When I first had the thought that I needed to get sober or I wouldn’t be around much longer it set off chain events that I never once deemed possible. I always sold myself short I didn’t believe in myself, more importantly, I had given up on the dreams I had as a young boy. I finally got sober in December of 2012 and my life has been nothing short of miraculous. I spent much time just focusing on recovery and being rigid and robotic while it served its purpose it got to a place of no longer doing so.
I was happy and content with the job I had, living paycheck to paycheck. I could never seem to wrap my head around what’s next on the plate. I didn’t have the family dynamic of parents to push me to keep learning or striving for greatness. My sister has been encouraging me to go back to school since I got sober but I kept buying the lie that it’s not for me or I can’t do it or the best one yet I’m not smart enough, something I had been telling myself since I was young.

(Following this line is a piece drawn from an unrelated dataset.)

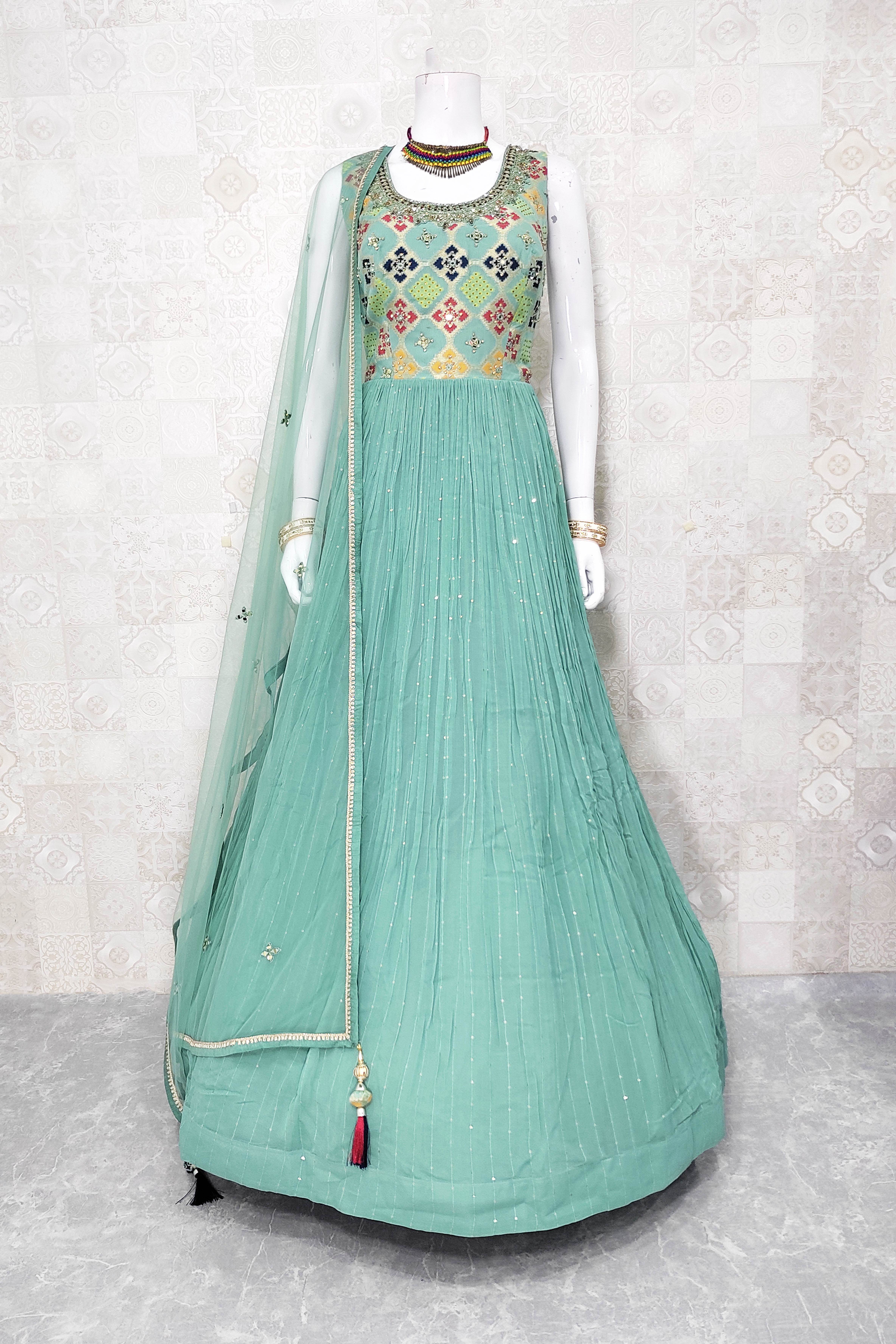 Rama Green Rayon Cotton Gown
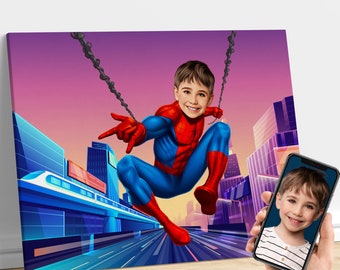 Custom Spiderman Canvas, Custom Spiderman Gift, Superhero Portrait, Superhero Gift, Gift for Kids, Boy Birthday Gift, Superhero Canvas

At 5 years sober and just settling for sobriety I was lucky enough to be encouraged by my new boss to go back to school, It was more of a requirement, but I’m grateful for it I am. I wish someone had been harder on me about not settling for life as I had known it.
The process was still uncomfortable requesting my transcripts from my previous attempt at Johnson & Wales University was a bit scary because I didn’t know what to expect. I have finally picked my course plan and I am excited to start this phase of my journey.
The same simple foundational requirements that serve me in recovery have now propelled me into College. Honesty, Open-mindedness, and willingness.